En l’espèce, il ressort des termes mêmes de l’arrêté attaqué que M. A... a été titulaire d’un titre de séjour jusqu’au 27 octobre 2022 et a été condamné le 14 mars 2023 pour des faits de violences conjugales, libérable le 8 juin 2024. Il ressort, également, des pièces du dossier que s’il démontre être le père de trois enfants mineurs, il n’établit pas contribuer à leur entretien et à leur éducation par la seule production d’une facture de frais de cantine scolaire, et ce, alors que ces derniers résident avec leur mère depuis 2021. En outre, la circonstance qu’il donnait satisfaction à ses employeurs ne saurait, à elle-seule, lui conférer un droit au séjour. Enfin, si les faits pour lesquels M. A... serait connu des services de police ne sont pas établis, compte tenu du caractère récent et de la gravité des faits non contestés pour lesquels il a été condamné le 14 mars 2023, le préfet de la Guyane a pu estimer que sa présence en France constitue une menace à l’ordre public. Par suite, les moyens tirés de la méconnaissance des stipulations de l’article 8 de la convention européenne de sauvegarde des droits de l’homme et des libertés fondamentales et de l’article L. 423-23 du code de l’entrée et du séjour des étrangers et du droit d’asile doivent être écartés. Pour les mêmes motifs, il en va de même du moyen tiré de l’erreur manifeste d’appréciation de sa situation personnelle.

En dernier lieu, à l’appui de ses conclusions dirigées contre les décisions portant obligation de quitter le territoire sans délai, M. A... ne peut utilement invoquer la méconnaissance des stipulations de l’article 3 de la convention européenne de sauvegarde des droits de l'homme et des libertés fondamentales, dans la mesure où ces décisions n’ont, par elles-mêmes, ni pour objet ni pour effet de fixer le pays de renvoi. Le moyen doit alors être écarté comme inopérant. En outre, à le supposer soulevé à l’encontre de la décision fixant le pays de destination, M. A... n’apporte aucun élément et ne cite aucune source de nature à démontrer les risques qu’il encourt en cas de retour en Haïti.

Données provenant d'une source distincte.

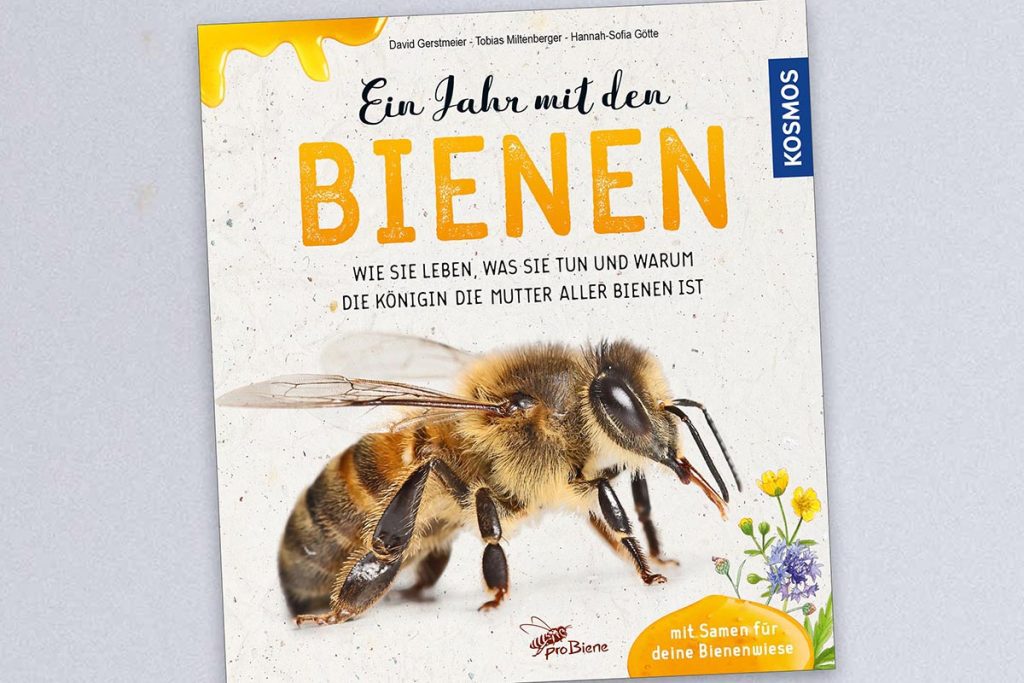 Kindersachbuch: "Ein Jahr mit den Bienen"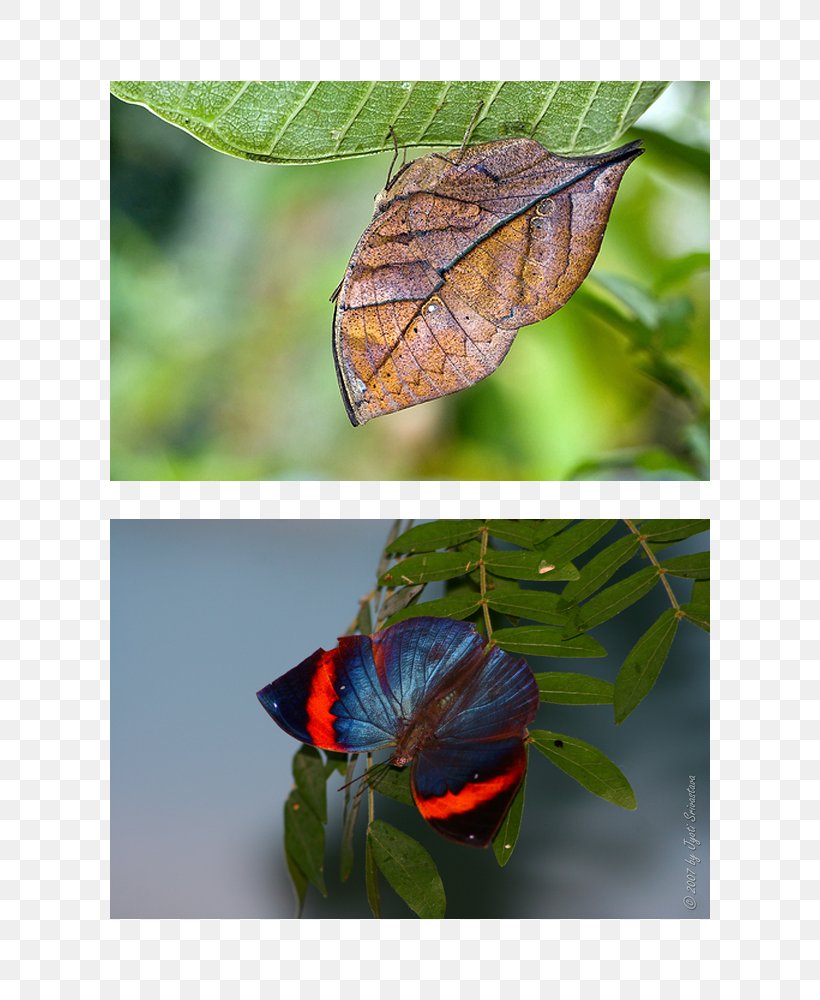 Peggy Notebaert Nature Museum Brush-footed Butterflies Butterfly Crypsis Insect, PNG, 600x1000px, Peggy Notebaert Nature Museum, Animal, Brush Footed Butterfly, Brushfooted Butterflies, Butterfly Download Free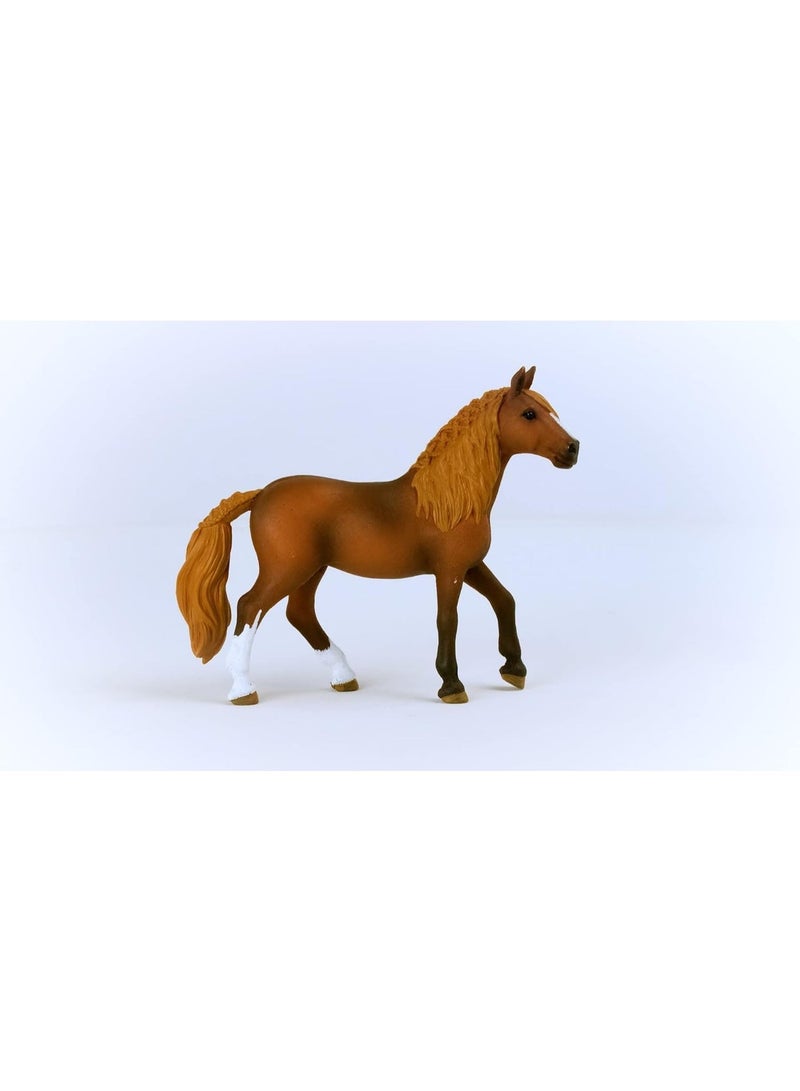 Schleich Peruvian Paso Mare 13953 - Image 3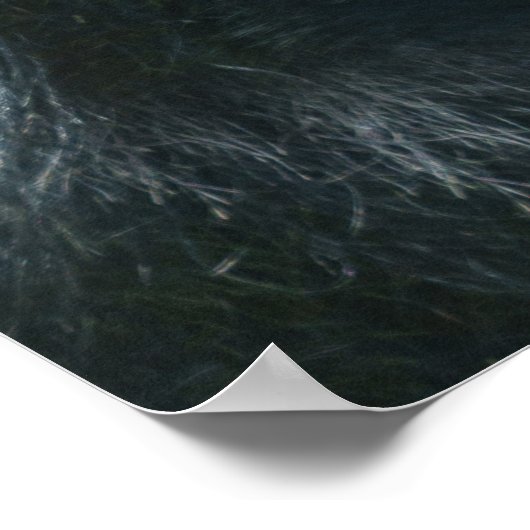 Silverback Splendor Poster (Ecke)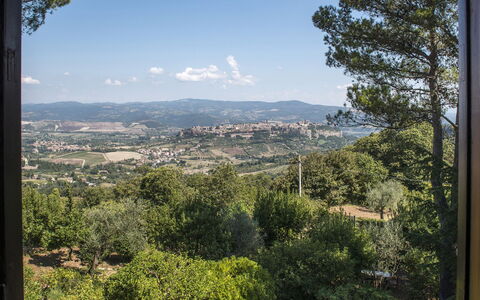 Villa Ombrosa 8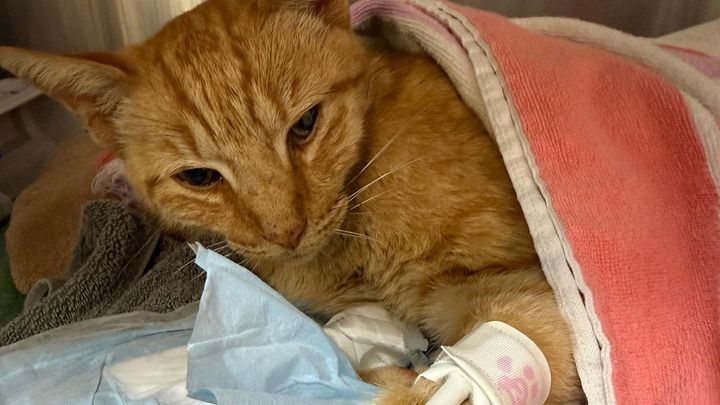 Help Gemini Save Tetty After Dog Attack campaign photo, 1 of 8
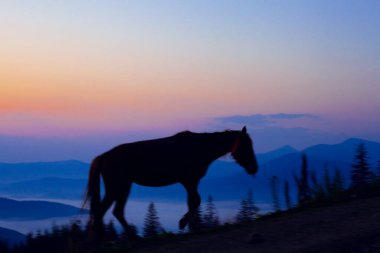Güneş doğmadan önce at otlaması, Ukrayna Karpatları 'nın dağlarında güzel bir dağ.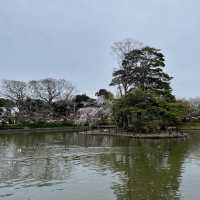 鶴ケ岡八幡宮⛩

Il résulte de tout ce qui précède que les conclusions à fin d’annulation ainsi que celles présentées au titre des frais liés au litige par M. A... doivent être rejetées.


D E C I D E :


Article 1er : La requête de M. A... est rejetée.

Article 2 : Le présent jugement sera notifié à M. B... A... et au préfet de la Guyane.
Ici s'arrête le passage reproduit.